**GIVEN RECORDS**
§ §

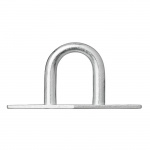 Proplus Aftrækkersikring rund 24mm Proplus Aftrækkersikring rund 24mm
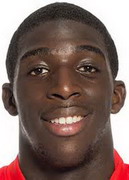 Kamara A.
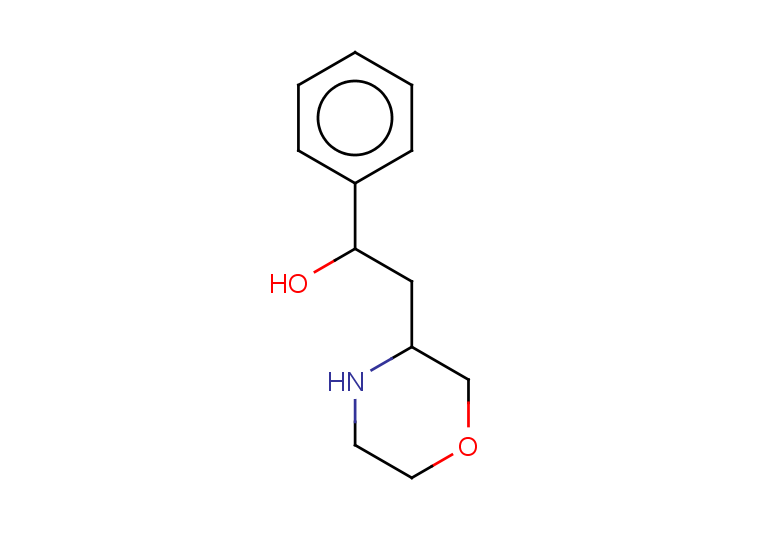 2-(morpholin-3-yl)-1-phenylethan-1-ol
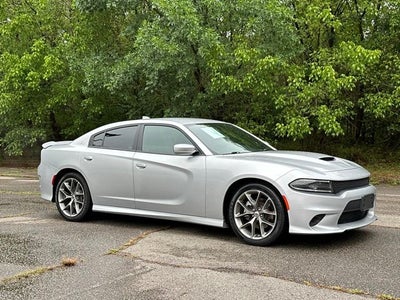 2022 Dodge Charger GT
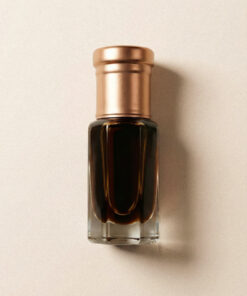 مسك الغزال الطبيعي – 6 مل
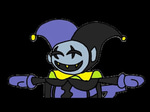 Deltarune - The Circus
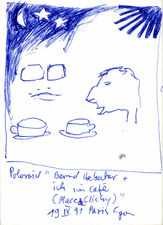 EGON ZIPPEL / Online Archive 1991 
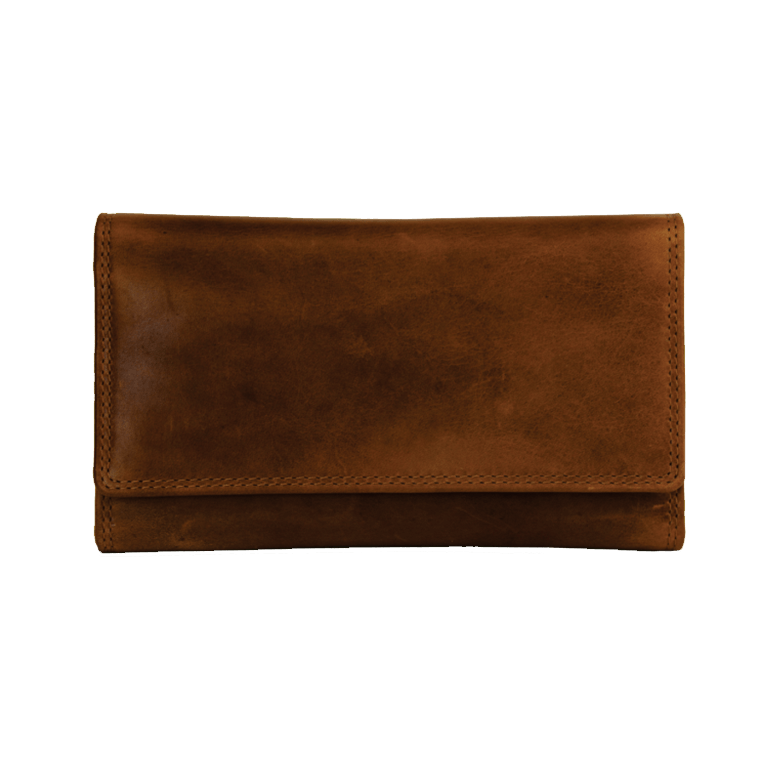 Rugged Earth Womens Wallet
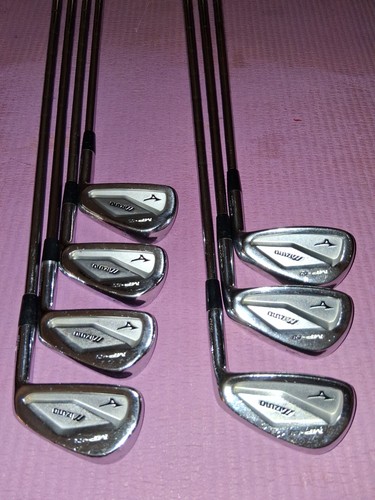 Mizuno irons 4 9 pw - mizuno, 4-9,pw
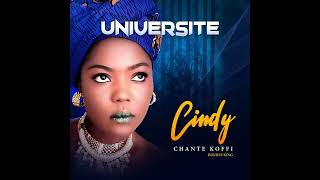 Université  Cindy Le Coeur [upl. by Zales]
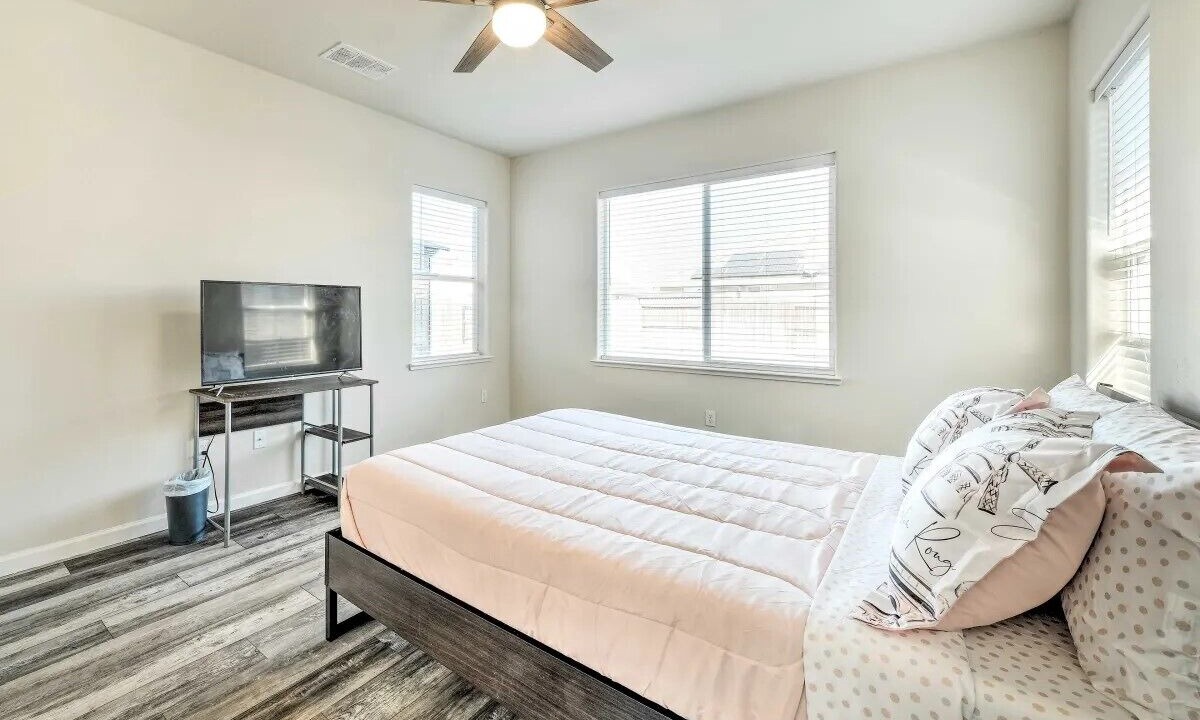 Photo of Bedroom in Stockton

§ §

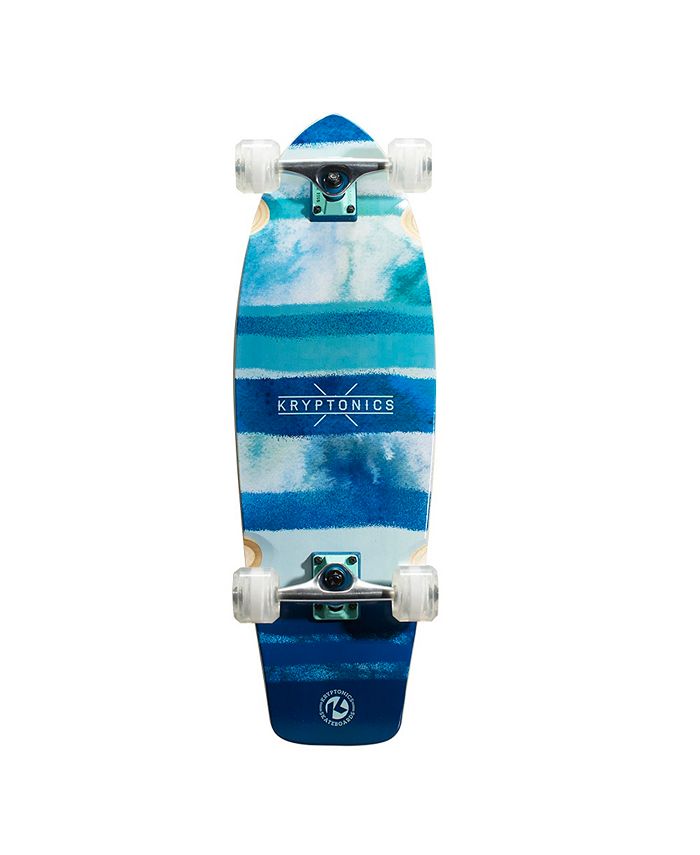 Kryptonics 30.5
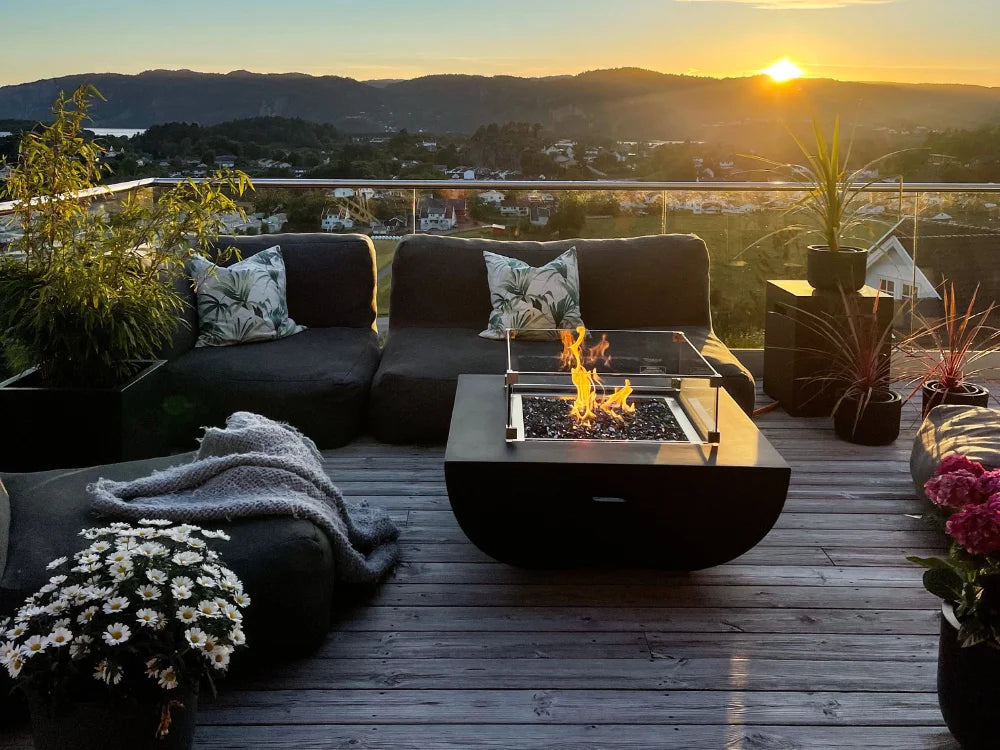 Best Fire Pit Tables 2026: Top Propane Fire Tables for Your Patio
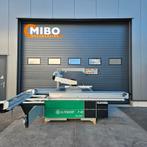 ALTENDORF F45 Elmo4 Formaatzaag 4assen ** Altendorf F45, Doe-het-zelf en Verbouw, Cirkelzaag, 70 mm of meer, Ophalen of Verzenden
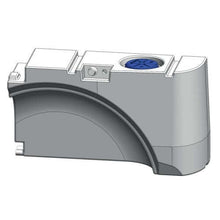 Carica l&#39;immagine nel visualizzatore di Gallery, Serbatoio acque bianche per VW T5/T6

§ §

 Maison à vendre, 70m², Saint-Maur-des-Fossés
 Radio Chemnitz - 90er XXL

§ §

**TASK STATEMENT**
Your output should be the lines above from the one that contains "Best Fire Pit" through the one that contains "Carica l&#39;immagine nel", word for word, with pictures left out.

**EXPECTED ANSWER**
 Best Fire Pit Tables 2026: Top Propane Fire Tables for Your Patio
 ALTENDORF F45 Elmo4 Formaatzaag 4assen ** Altendorf F45, Doe-het-zelf en Verbouw, Cirkelzaag, 70 mm of meer, Ophalen of Verzenden
 Carica l&#39;immagine nel visualizzatore di Gallery, Serbatoio acque bianche per VW T5/T6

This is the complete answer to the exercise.